A new opinion has recently gained notoriety that mentioning God in the Constitution will bless and unite society in the wake of new challenges and problems which Russian society is facing. Several sociological studies have been conducted in recent times that show that the role of religion among Russian society is increasing. According to some experts mentioning God in the Constitution would depict a stark contrast between Russia and the “Fallen, Sinful West.”

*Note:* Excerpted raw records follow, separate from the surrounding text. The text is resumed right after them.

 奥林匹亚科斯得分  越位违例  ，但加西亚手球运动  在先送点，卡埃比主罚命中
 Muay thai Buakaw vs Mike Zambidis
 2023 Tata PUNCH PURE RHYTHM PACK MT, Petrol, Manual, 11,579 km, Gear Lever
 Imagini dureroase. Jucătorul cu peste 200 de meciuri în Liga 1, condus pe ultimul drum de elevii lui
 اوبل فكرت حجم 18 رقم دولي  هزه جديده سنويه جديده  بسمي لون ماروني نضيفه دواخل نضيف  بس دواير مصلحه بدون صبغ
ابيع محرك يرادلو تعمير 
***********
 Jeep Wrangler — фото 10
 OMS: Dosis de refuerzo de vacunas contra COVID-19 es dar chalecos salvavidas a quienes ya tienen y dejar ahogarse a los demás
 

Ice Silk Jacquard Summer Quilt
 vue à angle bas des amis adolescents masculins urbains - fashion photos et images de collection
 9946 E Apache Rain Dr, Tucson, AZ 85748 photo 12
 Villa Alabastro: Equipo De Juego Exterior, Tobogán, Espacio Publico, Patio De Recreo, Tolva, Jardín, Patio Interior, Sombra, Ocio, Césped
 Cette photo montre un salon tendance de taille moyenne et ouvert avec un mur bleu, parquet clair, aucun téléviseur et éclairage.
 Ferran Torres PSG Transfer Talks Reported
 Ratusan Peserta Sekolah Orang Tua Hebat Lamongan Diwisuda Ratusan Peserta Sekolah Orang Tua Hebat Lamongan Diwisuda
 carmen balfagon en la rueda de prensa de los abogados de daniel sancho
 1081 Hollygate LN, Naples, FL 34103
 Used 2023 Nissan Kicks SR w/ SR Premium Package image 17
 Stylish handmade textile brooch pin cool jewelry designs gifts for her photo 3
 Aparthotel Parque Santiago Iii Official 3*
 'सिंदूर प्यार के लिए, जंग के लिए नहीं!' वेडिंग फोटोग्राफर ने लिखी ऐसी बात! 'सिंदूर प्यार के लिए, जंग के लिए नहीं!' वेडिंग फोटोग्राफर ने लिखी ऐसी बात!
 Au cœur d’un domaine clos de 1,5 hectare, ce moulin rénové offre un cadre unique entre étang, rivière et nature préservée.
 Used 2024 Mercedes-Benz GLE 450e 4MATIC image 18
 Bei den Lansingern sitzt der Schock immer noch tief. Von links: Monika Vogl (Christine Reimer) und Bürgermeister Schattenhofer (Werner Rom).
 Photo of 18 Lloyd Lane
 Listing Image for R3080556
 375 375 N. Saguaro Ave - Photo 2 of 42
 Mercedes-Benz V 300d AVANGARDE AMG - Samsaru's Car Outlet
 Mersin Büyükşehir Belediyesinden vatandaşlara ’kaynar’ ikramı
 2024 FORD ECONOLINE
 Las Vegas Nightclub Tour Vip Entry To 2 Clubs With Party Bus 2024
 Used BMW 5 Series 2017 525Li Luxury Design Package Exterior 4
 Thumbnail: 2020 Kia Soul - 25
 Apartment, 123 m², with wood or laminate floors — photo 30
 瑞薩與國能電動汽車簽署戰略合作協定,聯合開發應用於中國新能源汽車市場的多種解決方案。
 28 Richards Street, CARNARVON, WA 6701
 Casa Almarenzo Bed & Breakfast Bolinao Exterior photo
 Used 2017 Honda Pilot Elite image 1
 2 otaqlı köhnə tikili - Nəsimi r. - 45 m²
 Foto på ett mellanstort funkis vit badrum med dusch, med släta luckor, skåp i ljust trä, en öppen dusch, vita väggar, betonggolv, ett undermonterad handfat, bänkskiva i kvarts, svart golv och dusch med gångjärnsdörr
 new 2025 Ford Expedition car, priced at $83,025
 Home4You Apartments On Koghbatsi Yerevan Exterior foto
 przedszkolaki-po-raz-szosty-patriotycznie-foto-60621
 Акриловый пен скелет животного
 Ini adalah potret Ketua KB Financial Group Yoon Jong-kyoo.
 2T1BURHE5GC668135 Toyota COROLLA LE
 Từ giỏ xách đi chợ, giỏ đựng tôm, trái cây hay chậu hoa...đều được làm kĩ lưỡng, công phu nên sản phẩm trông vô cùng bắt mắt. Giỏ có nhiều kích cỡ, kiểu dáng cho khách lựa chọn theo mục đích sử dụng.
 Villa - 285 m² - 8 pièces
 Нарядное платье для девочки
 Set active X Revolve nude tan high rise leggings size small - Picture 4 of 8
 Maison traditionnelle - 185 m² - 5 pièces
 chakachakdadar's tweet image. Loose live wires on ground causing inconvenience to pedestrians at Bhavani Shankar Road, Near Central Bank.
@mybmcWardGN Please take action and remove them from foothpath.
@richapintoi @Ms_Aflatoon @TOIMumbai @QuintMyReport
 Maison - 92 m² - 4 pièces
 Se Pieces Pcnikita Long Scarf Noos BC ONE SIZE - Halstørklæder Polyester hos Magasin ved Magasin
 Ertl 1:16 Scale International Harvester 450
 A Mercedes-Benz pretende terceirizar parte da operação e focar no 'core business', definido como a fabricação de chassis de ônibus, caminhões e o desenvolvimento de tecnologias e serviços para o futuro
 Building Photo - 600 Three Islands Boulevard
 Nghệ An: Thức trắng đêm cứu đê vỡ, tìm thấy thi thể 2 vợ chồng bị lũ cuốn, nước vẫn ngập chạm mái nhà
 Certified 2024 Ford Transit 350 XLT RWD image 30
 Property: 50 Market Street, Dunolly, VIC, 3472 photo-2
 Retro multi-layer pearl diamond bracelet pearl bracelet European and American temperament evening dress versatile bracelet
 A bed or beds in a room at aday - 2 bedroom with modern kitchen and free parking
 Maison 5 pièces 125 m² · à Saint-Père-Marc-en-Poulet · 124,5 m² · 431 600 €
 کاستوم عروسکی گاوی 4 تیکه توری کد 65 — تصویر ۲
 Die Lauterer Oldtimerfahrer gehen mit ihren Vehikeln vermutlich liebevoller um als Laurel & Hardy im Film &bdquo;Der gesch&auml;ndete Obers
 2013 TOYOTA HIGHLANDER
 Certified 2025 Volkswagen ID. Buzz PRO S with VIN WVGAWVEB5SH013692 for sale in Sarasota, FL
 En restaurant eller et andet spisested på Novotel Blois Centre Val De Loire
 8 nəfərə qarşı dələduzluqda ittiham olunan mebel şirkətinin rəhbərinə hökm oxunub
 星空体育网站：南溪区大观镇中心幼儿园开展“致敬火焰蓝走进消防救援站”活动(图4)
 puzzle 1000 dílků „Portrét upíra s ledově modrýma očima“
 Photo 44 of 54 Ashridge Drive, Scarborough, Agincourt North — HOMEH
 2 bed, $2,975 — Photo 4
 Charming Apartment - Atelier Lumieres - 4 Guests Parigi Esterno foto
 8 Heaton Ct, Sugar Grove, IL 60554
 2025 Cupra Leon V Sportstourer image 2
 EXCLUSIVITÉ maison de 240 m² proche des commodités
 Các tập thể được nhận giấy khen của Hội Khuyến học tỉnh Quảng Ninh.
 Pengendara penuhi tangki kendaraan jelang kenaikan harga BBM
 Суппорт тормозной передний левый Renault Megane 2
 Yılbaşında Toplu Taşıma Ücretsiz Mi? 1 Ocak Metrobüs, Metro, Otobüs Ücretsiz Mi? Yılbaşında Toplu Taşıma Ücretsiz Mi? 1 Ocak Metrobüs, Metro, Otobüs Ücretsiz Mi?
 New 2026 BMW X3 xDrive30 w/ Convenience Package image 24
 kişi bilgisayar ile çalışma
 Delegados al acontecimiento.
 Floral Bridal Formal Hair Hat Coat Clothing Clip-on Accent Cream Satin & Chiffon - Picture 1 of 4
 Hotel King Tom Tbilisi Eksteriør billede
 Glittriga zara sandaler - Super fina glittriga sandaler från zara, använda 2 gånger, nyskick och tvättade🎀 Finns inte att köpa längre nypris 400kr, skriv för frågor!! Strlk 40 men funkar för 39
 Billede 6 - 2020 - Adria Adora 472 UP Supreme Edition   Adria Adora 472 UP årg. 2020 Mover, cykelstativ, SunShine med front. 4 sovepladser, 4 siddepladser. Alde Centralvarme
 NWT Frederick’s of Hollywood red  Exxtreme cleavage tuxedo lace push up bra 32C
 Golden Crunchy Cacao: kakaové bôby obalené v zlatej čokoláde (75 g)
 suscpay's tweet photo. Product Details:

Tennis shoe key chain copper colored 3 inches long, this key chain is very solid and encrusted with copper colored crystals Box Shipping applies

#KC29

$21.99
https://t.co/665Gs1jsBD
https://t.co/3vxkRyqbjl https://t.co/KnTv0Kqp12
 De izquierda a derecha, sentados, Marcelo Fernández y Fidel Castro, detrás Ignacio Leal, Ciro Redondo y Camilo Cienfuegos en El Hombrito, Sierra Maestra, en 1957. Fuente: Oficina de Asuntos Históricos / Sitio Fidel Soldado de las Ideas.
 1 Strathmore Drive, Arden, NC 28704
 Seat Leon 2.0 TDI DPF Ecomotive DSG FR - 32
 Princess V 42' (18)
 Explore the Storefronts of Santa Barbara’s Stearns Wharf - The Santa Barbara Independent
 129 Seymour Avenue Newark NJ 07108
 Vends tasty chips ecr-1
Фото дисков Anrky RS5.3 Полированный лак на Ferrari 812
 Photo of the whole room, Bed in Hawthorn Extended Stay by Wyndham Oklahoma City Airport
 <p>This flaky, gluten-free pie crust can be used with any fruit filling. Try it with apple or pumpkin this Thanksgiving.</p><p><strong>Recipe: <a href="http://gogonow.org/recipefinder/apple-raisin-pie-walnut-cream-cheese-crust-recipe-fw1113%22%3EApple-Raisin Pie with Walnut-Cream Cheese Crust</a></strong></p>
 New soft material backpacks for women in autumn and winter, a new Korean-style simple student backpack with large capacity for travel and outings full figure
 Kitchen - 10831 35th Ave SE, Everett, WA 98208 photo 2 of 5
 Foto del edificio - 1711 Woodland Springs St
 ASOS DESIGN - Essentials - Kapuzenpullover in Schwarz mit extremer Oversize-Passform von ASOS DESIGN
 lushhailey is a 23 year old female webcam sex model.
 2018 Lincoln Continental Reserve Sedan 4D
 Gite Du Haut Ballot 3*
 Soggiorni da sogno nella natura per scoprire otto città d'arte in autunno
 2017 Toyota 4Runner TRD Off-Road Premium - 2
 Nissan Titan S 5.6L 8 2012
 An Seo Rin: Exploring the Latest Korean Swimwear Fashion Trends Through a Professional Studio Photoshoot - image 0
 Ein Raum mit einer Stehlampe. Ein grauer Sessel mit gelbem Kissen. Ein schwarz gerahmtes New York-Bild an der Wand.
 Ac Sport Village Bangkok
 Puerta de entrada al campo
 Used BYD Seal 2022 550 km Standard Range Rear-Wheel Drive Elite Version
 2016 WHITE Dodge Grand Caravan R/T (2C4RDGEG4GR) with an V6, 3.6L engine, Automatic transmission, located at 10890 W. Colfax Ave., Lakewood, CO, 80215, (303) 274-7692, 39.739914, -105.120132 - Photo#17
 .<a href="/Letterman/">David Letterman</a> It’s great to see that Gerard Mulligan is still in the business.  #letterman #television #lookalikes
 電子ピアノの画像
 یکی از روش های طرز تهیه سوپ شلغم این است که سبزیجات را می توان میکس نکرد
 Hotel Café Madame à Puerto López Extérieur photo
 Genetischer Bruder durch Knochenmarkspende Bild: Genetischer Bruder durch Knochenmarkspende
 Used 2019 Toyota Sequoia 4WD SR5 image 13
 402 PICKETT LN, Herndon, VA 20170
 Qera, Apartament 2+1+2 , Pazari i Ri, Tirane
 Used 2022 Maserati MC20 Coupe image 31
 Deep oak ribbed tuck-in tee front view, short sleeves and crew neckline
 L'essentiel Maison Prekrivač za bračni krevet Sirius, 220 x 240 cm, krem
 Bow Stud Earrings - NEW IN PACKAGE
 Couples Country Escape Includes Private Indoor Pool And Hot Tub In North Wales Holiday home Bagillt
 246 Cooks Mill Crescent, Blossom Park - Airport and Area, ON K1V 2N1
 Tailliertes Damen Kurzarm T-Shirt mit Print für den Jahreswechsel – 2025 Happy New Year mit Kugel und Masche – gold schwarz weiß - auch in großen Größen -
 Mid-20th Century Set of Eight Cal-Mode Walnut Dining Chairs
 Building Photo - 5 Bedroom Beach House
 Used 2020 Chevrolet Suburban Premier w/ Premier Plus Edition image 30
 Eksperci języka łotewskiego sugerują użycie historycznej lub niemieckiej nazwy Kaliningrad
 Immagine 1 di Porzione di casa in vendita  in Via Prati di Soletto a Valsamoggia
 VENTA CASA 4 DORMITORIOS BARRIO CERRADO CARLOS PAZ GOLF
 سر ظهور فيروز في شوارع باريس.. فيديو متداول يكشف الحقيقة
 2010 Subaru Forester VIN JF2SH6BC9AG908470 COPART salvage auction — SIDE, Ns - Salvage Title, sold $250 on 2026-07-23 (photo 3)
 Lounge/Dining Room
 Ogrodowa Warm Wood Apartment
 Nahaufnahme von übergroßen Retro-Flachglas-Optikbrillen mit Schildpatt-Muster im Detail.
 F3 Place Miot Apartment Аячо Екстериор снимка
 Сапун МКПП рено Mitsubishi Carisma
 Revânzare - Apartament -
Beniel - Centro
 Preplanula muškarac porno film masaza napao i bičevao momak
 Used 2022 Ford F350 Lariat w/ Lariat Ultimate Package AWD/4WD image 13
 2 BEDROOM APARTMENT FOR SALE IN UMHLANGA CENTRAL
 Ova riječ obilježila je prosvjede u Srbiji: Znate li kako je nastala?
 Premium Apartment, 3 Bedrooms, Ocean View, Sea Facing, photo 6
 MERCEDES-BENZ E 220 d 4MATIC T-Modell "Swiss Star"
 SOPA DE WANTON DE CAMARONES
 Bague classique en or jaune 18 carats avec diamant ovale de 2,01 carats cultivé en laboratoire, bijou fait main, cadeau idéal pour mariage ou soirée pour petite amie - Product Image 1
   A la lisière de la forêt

Some worry whether the proposed amendments to include a mention of God may become a reason for discrimination against religious minorities (including Protestants and Catholics) that would become stronger and more widespread due to the perception of these groups by the majority of citizens as "non-traditional" and having an "incorrect” belief in God or somehow connected to the “West”. However, head Bishop of the Russian Pentecostal Union, Sergey Ryakhovsky says that Russian Protestants support the Patriarch’s initiative to mention God in the Constitution. Ryakhovsky also says that this will lead to a better understanding of the importance of religion generally and improve cooperation with the local body representatives. The initiative is also actively supported by various representatives of Islam and Judaism. Particularly, the Head of the Spiritual Assembly of Muslims of Russia, Mufti Albir Krganov, proposed adjusting the preamble to the Constitution of the Russian Federation so that the contributions of traditional religions are attached to the “historical, patriotic and moral foundation of Russia”.
This proposed amendment seems to be essential in a time of anti-religion tendencies all around the world. Moreover, such practice is common for many European countries, such as Germany, Ireland, Greece, Switzerland, Poland, etc. Russia’s national hymn also mentions God:” …protected by God, the native land…” And this didn’t create any legal or ethical problems. So, this question must first be clarified, and then it may be approved through democratic procedures.